Comparing model1 with model2 using a single sequence should give identical results and inspecting the traces of the model and guide for both I found that all of the log_probs are indeed identical for a fixed random seed. However using TraceEnum_ELBO the elbo is different. I also tried using AutoDelta as guide, this time both models has the same elbo.

It looks like the issue is to do with AutoDiagonalNormal and TraceEnum_ELBO, if anyone can give any pointers on what’s going that would be appreciated!

Hi @dnlbunting, my guess is that there is a silent shape bug due to the unsqueezing and reshaping and such. For example, I would guess that to support enumeration and broadcasting you’d have to change

- zip(i, x[:, 0])
+ zip(i, x[..., 0])

and

- unsqueeze(0)  # replace positive dim with negative dim, to allow broadcasting
+ unsqueeze(-2)  # or -1 or whatever negative number is appropriate

Also I find it helps to insert shape assertions after each statement. If I were debugging your model I’d start by moving the time dimension to be on the left so as to avoid unsqueezing. I feel like we could use a tutorial simply on advanced indexing (and I would consult it regularly :smile:).

Hi @fritzo, thanks for replying. I’ve used ellipsis and negative axes but still no joy.
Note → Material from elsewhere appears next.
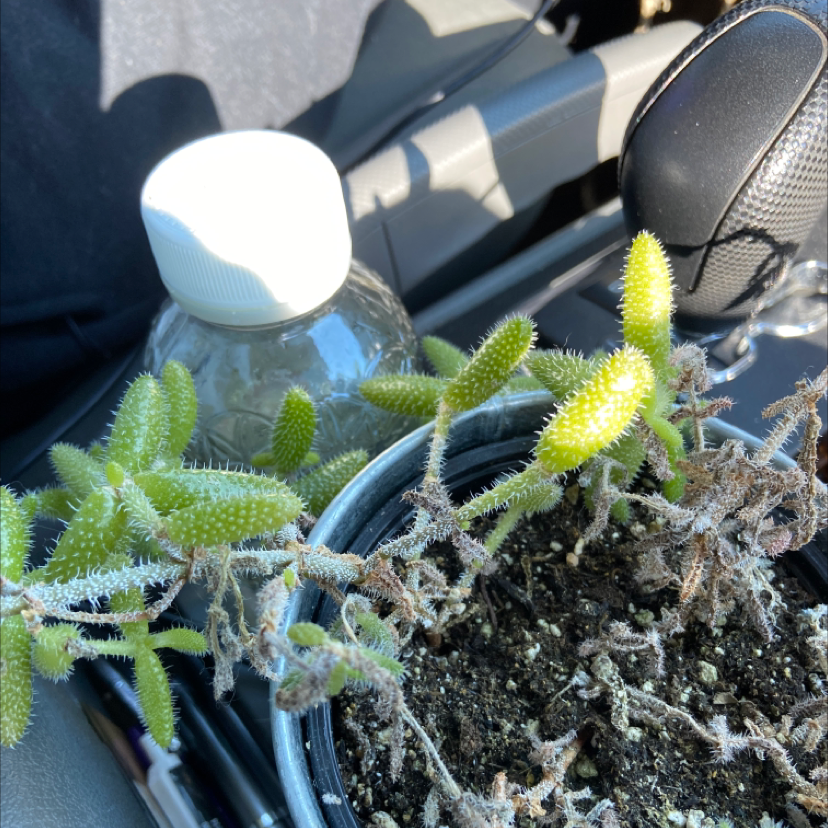 Pickle Plant in a pot with visible soil, some healthy green leaves, and signs of browning.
def model(data, hidden_dim=2):
    
    n_data = len(data)
    hidden_plate = pyro.plate("hidden_state", hidden_dim, dim=-1)
    data_plate = pyro.plate("data", n_data, dim=-2)
    with data_plate as i:

        with hidden_plate:
            transition = pyro.sample("transition",  dist.Dirichlet(0.5*torch.ones(hidden_dim)).expand([n_data, hidden_dim]))
            emission = pyro.sample("emission", dist.HalfNormal(5).expand([n_data, hidden_dim]))
        
        x = torch.zeros((data.shape[0], 1), dtype=torch.long)
        for t in pyro.markov(range(data.shape[1])):
            p_x_new = torch.cat([transition[a, b, :].unsqueeze(-2) for a, b in zip(i, x[..., 0])]).unsqueeze(-2)
            x = pyro.sample("x_{}".format(t), dist.Categorical(p_x_new)  ,
                            infer={"enumerate": "parallel"})
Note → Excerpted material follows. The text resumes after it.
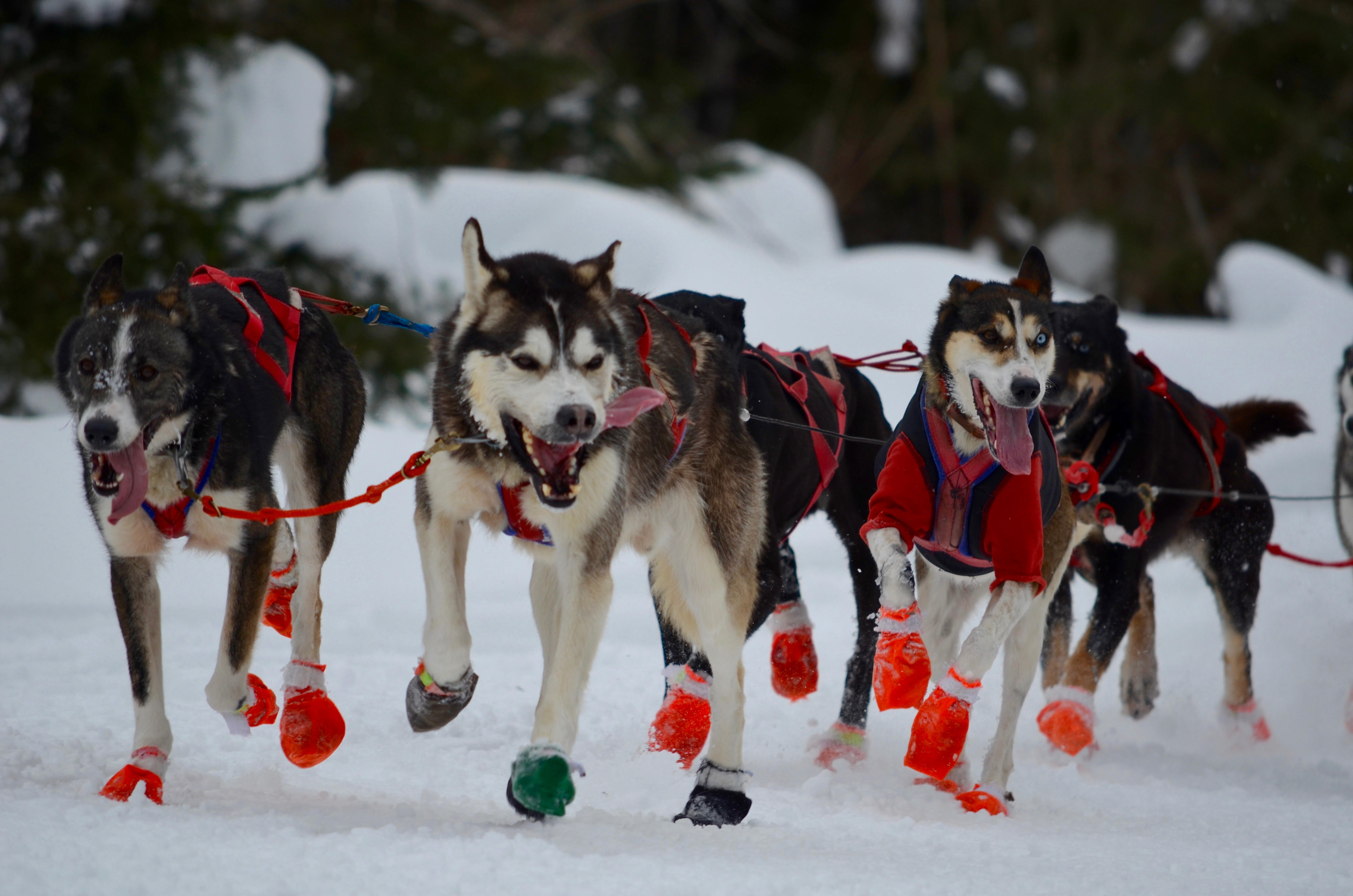 Get ready for 2018 Gunflint Mail Run! | Boreal Community Media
            p_emisson = torch.cat([emission[a, b].unsqueeze(-1) for a, b in zip(i, x[..., 0])]).unsqueeze(-1)
            y = pyro.sample("y_{}".format(t), dist.Poisson(p_emisson), obs=data[i, t].unsqueeze(-1))

I’ve been looking at the shapes and I’m a bit confused, the trace looks like this:

    Trace Shapes:            
     Param Sites:            
    Sample Sites:            
hidden_state dist         |  
            value       2 |  
        data dist         |  
            value       3 |  
  transition dist     3 2 | 2
            value     3 2 | 2
    emission dist     3 2 |  
            value     3 2 |  
         x_0 dist     3 1 |  
            value   2 1 1 |  
         y_0 dist   2 3 1 |  
            value     3 1 |  
         x_1 dist   2 3 1 |  
            value 2 1 1 1 |  
         y_1 dist 2 1 3 1 |  
            value     3 1 |  

for a data.shape = (3, 52)

Why do the x’s have a shape of 1 on the -2 (data plate) axis? I would have expected that to be n_data = 3, since p_x_new.shape = (n_data, n_hidden)

Thanks!

The reason is that, when running exact inference using TraceEnum_ELBO, the xs are enumerated, and their set of enumerated values is independent of data; hence Pyro compresses the tensors (via .enumerate_support(expand=False)) and relies on broadcasting to ensure the .log_prob(x) tensors have full shape. By keeping tensors compressed/unbroadcasted, Pyro can do efficient message-passing exact inference over discrete random variables.